Em face de tantos desafios, corremos o risco de cair no mesmo equívoco dos discípulos de Emaús, pretendendo avaliar e enfrentar as circunstâncias unicamente à luz de nossas compreensões e expectativas e, assim, sermos submergidos pela decepção e desânimo. Nesse sentido, essa passagem evangélica nos ilumina de modo ímpar. Os discípulos de Emaús superaram o beco sem saída em que se encontravam dando ouvido à Palavra Revelada interpretada pelo Cristo Crucificado-Ressuscitado. Ser cristão não é simplesmente ter iniciativas próprias, por mais eficientes que sejam; ser capaz de uma interpretação pessoal das Sagradas Escrituras, por mais plausível que seja. Ser cristão é seguir Jesus Cristo. Somente a trajetória de Jesus interpreta autenticamente as Sagradas Escrituras. Por isso, Evangelho é essencialmente Sua Pessoa. Somente Ele é capaz de nos abrir novos horizontes.
Sem dúvida, não podemos nos isentar de nossa responsabilidade, empenho e compromisso. Porém, diante de realidades e situações de difícil solução, vamos cuidar para não perder o horizonte da fé e orientar o nosso caminho não por nossas “possibilidades” ou “impossibilidades”, mas pelo Senhor mesmo que é parceiro e guia capaz de nos abrir caminhos e dar sentido ao nosso itinerário (cf. Lc 24,30-32).
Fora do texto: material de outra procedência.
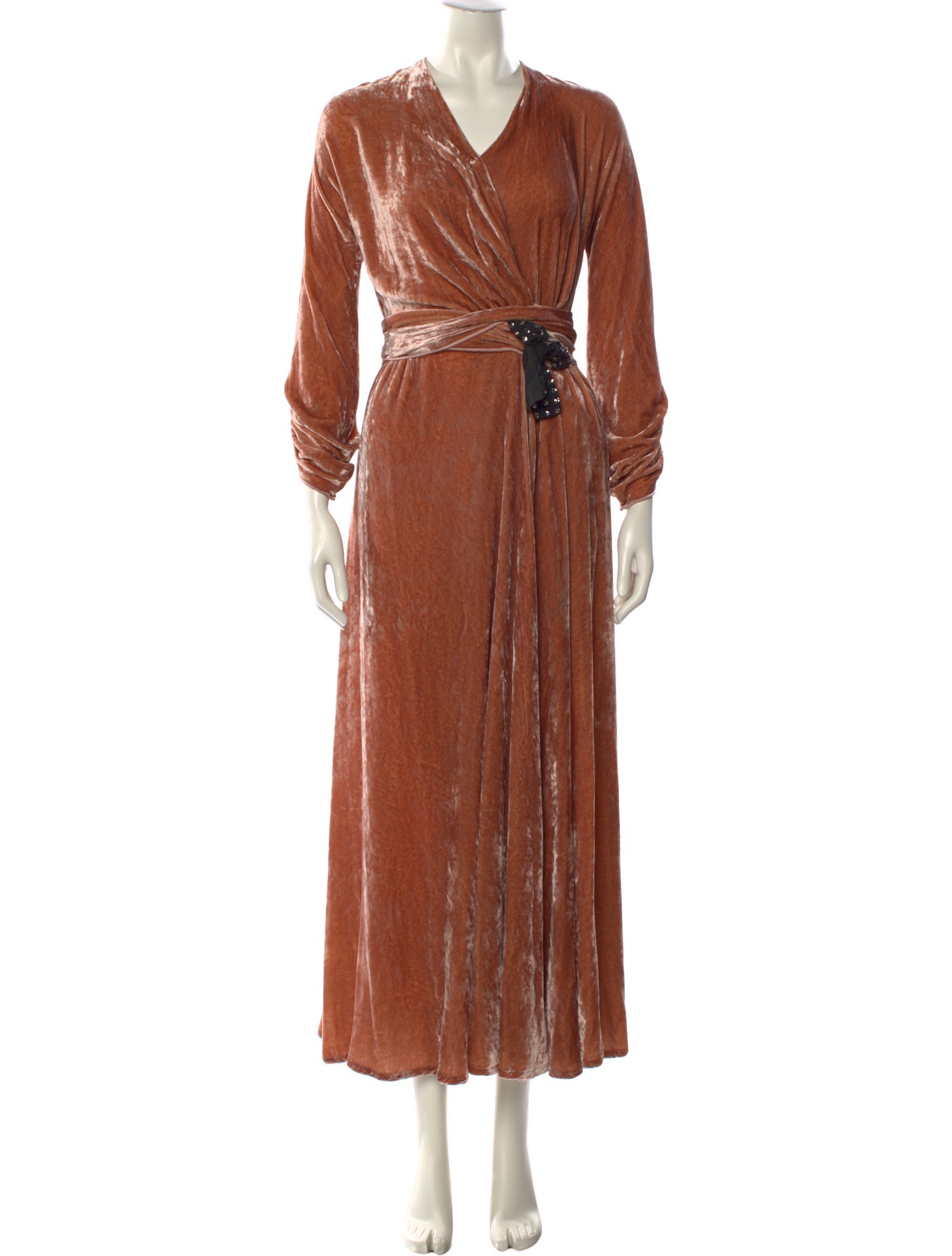 Maria Lucia Hohan V-Neck Long Dress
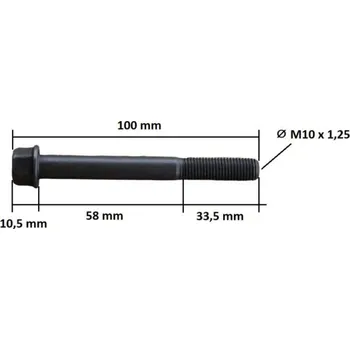 Kryt motoru Šroub pro hlavy válců Kubota série B, L, L1 Šroub pro hlavy válců Kubota série B, L, L1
Observemos que os discípulos de Emaús só superaram a dificuldade no fim da caminhada. Eles não foram “forçados” pela autoridade, nem persuadidos por argumentação sutil, nem seduzidos pela propaganda. Eles foram iluminados pela Palavra e começaram a perceber o que antes não percebiam. Foi o próprio percurso com o Crucificado-Ressuscitado que lhes reascendeu o ardor do coração e fez reaparecer o sentido do caminho. Certamente, foi um processo difícil e doloroso para eles. Mas valeu a pena!